INFORMATION
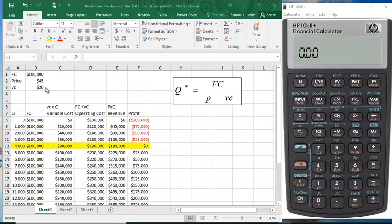Clearly if you don't sell any units, you simply have no variable cost, you also have no revenue, so what happens is you lose $100,000.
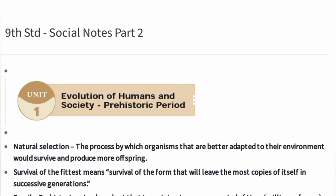That concludes Part 2 notes. Part 3 notes will be uploaded next. Thank you for your support. Thanks for watching.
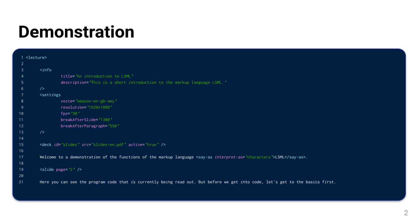Welcome to a demonstration of the functions of the markup language LSML. Here you can see the program code that is currently being read out. But before we get into code, let's get to the basics first.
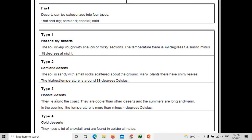Type three is the coastal desert. Coastal deserts lie along the coast, near the sea or ocean, and are cooler than other deserts. Summers are long and warm, and in the evening the temperature is more than negative 4 degrees Celsius. Type four is the cold desert. Cold deserts have a lot of snowfall and are found in colder climates — specifically in the north and south pole regions, which are the Antarctic and Arctic regions. This is the coldest type of desert.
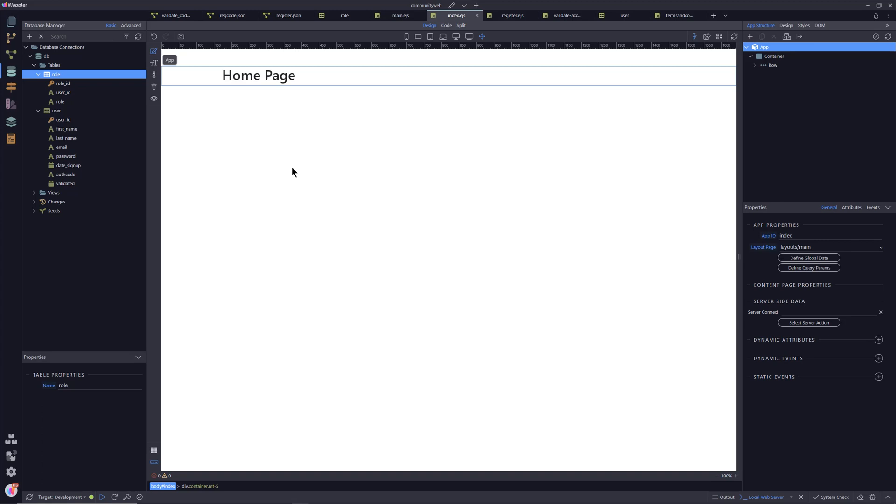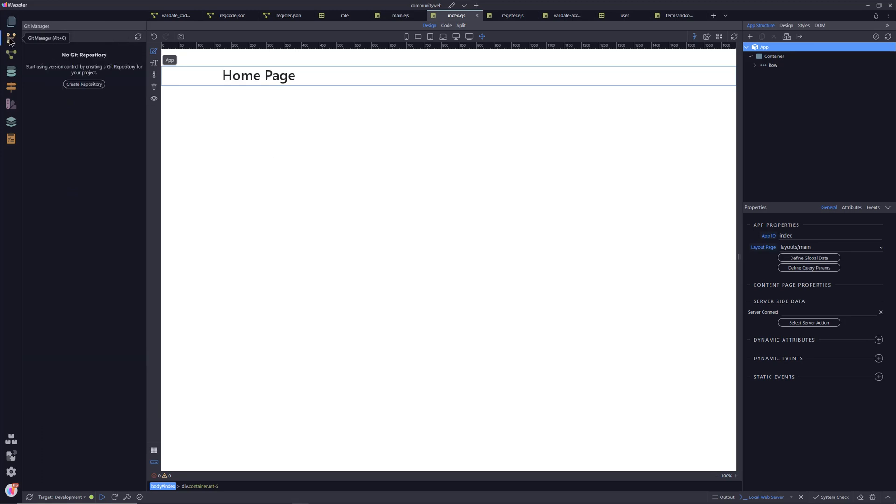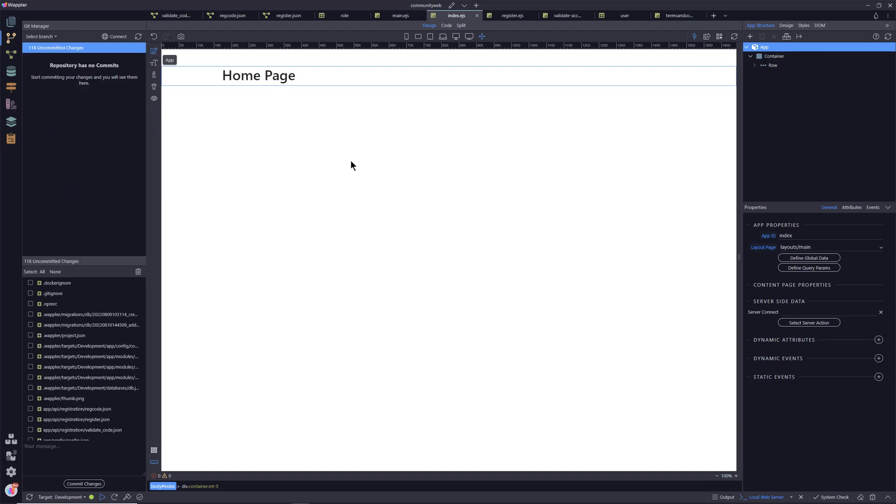So we need to go to the git manager icon here. We're going to do a local repository, not an online repository. So what we need to do is literally click on the create repository button.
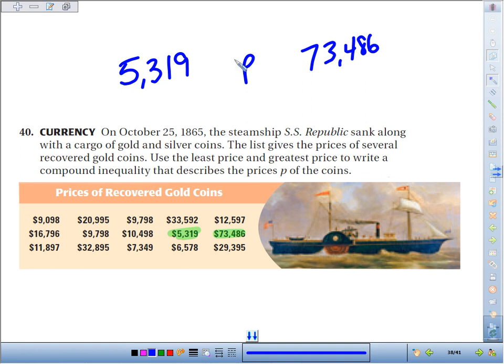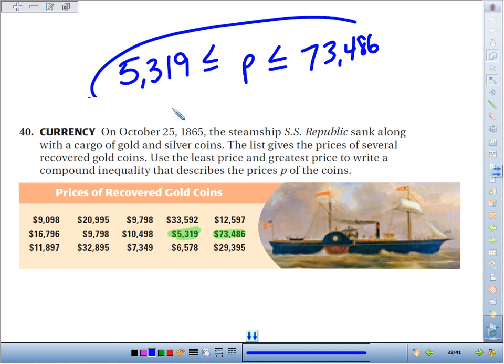The prices of the coins are all somewhere in between. Some were equal to $73,486, some were equal to $5,319, but they're all sandwiched between the two.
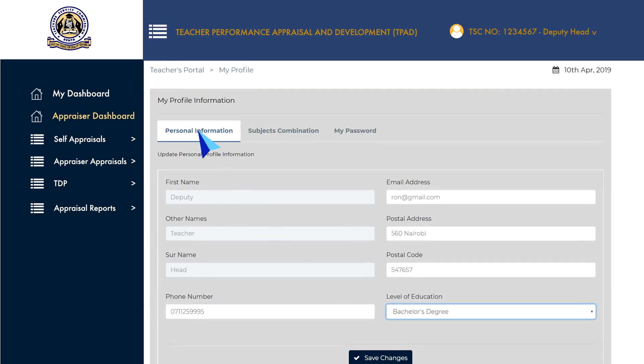Click on the Personal Information tab to add or edit your first name, other names, surname, phone number, email address, postal address, postal code and your level of education.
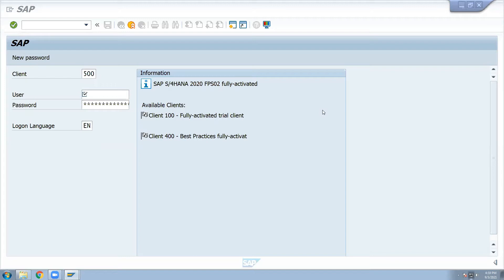Tables are allowed. ECC and S4HANA tables are removed. This is the latest version of S4HANA 2020 FPS for service pack 2. This is the fully activated version.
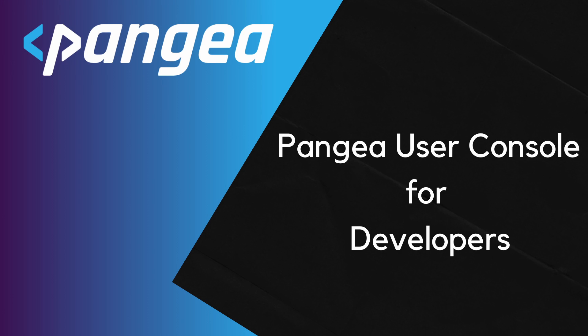Hello. Today we will walk you through the Pangea user console and the main areas you as a developer should be aware of.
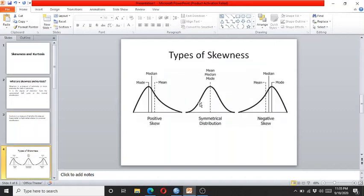Skewness is either positive or negative. As you can see here, the positively skewed data is inclining towards the left side, while the negatively skewed data is inclining towards the right side, while a normal symmetrical distribution is in a bell shape.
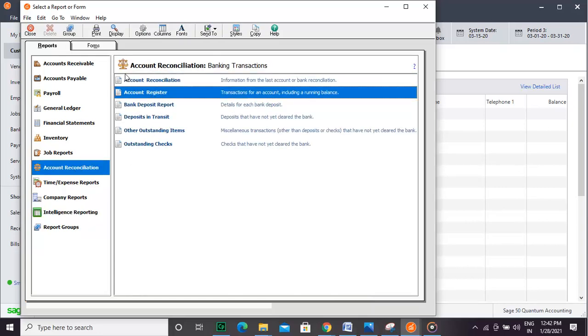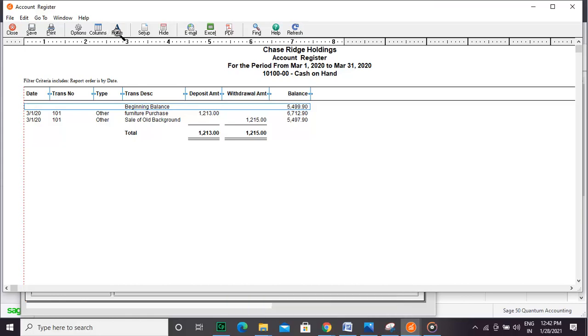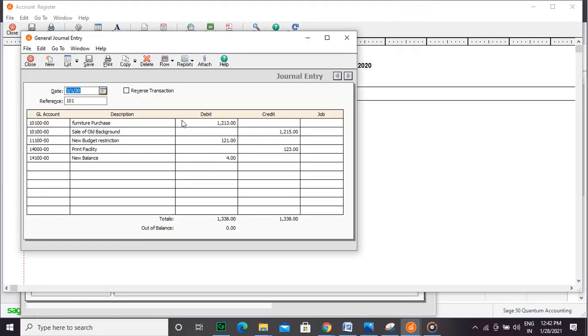Click the Display button to view the report. Hope this video helped you use the General Ledger reports and forms in Sage 50.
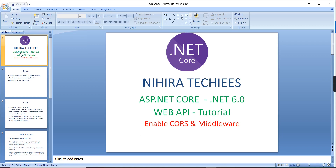Hello friends, welcome to Nigra Techies. This is our ASP.NET Core tutorial 6.0. In this video I am going to explain two important topics: the first one is CORS and the second one is middleware.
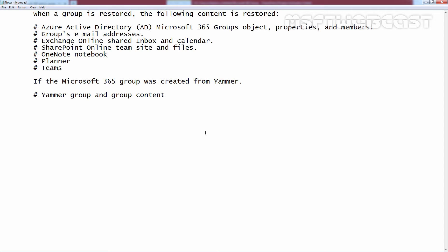When a group is restored, the following content is also restored: Azure Active Directory Microsoft 365 group's object, its properties and membership list, group's email addresses, Exchange Online shared inbox and calendar, SharePoint Online team site and its files, OneNote notebook, Planner and Teams. If the Microsoft 365 group was created from Yammer, then Yammer group and its group content.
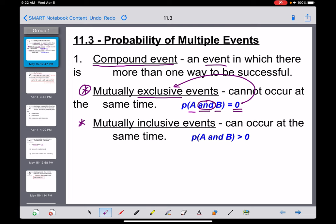Mutually exclusive events are actually easier for us to determine the probability of. The harder case is mutually inclusive events — those are events that can occur at the same time, meaning the probability of A and B is greater than zero. Back to the earlier example: if I asked you to raise your hand if you were a sophomore and if you were male, it's possible for people to be both a sophomore and a male student at the same time. That would be an example of mutually inclusive events.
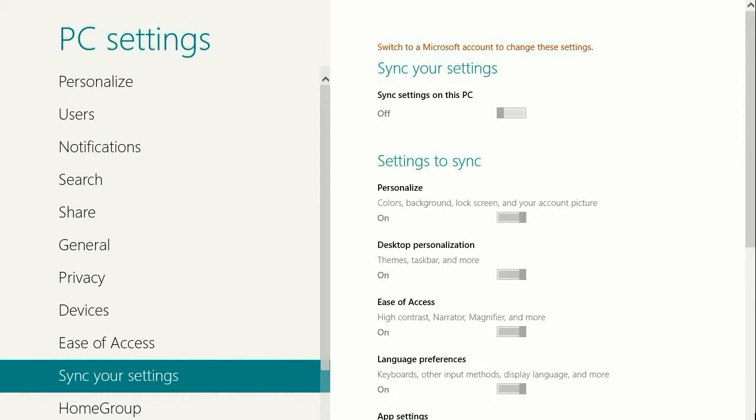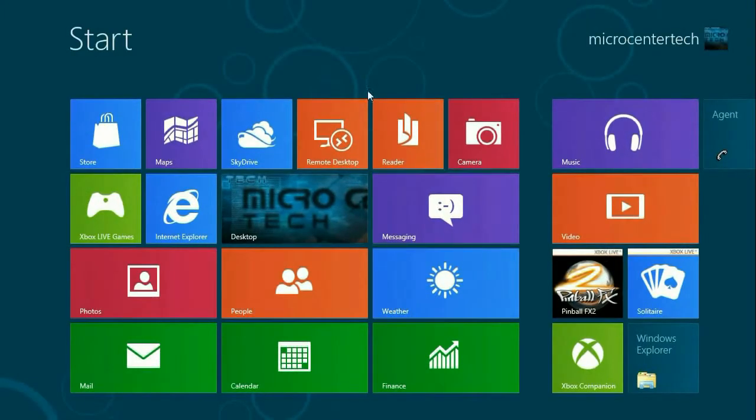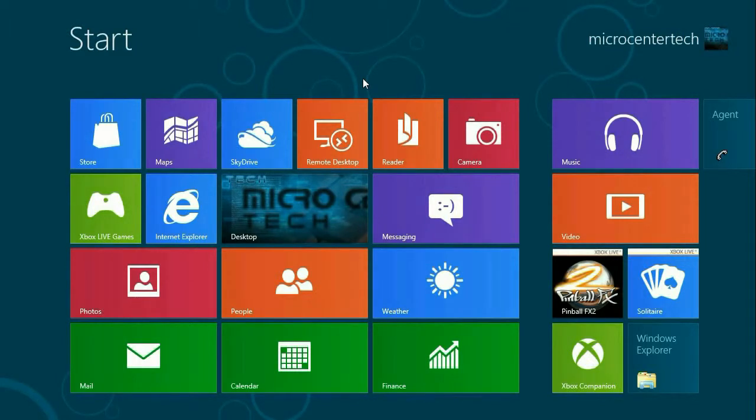That's how to activate your sync settings in Windows 8. If you have any other questions, come visit us at www.microcentertech.com.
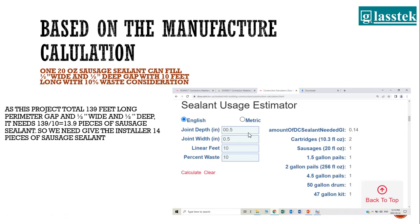For this small project, we have 139 feet of perimeter to fill. If one sausage covers up to 10 feet, then 139 feet divided by 10 gives 13.9 pieces of sausage. So we will provide 14 sausages of sealant to our site installer, telling them the maximum they can use is 14 sausages to finish the perimeter caulking for these two frames.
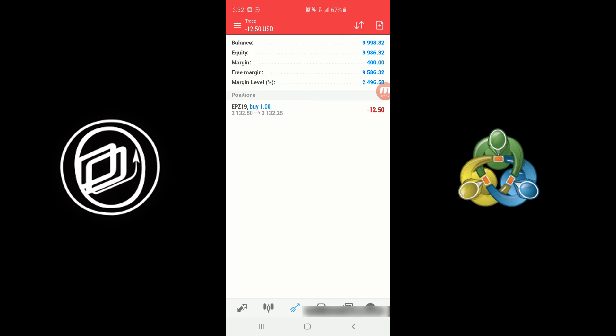And that's pretty much going to wrap it up for this video. Just quickly wanted to show you how to connect to the live or demo servers, future servers that is, on the MetaTrader 5 mobile app.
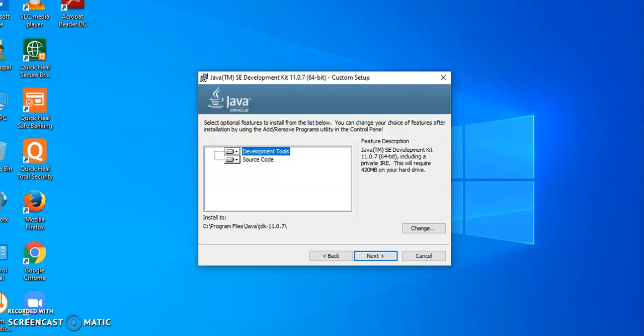Before clicking on next, you are observing this path. Please note down this path onto your notepad and save it. It may be required for further use.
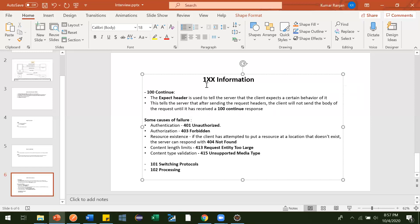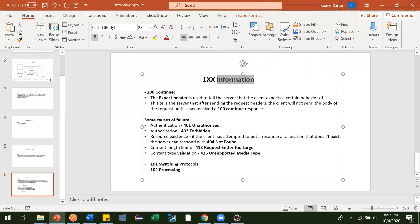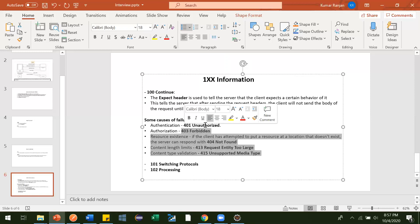So this is what 1xx status codes are about — the server is giving some information. 1xx status codes talk about information. Likewise, we have 101 Switching Protocols and 102 Processing. These are not that important, but 100 Continue you should know. This is the example of a 1xx API response for information. These status codes — 401 Unauthorized, 403 Forbidden, 404 Not Found, 413 Request Entity Too Large, 415 Unsupported Media Type — I'll explain all of them separately.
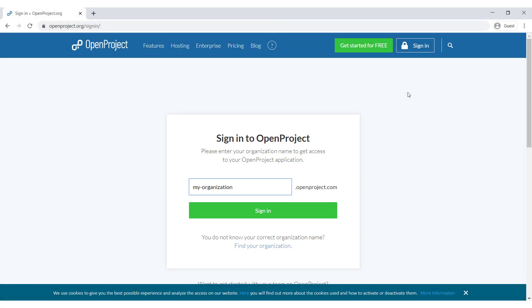In case you've forgotten your organization's name, you can click the Find Your Organization link, enter your email address, and you will receive an email with the organizations you are part of.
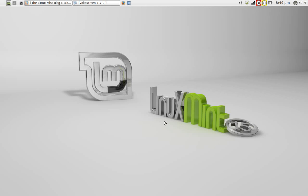Linux Mint 15 XFCE, the latest edition, version 15, codename Olivia, was released about a couple weeks ago.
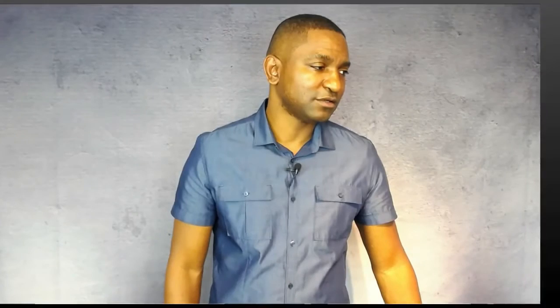I put this together because one of my best clients asked me to. They said, Michael, it would be really helpful if you were to actually give me a structure, a way to structure my practice sessions. And that's exactly what I did. So let's take a look at this.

EXERCISE DETAILS
Pictures are to be omitted; otherwise, every line from the first line of the listing through the line containing "Welcome to a" must be reproduced exactly, both ends included.

EXERCISE SOLUTION
Clearly if you don't sell any units, you simply have no variable cost, you also have no revenue, so what happens is you lose $100,000.
That concludes Part 2 notes. Part 3 notes will be uploaded next. Thank you for your support. Thanks for watching.
Welcome to a demonstration of the functions of the markup language LSML. Here you can see the program code that is currently being read out. But before we get into code, let's get to the basics first.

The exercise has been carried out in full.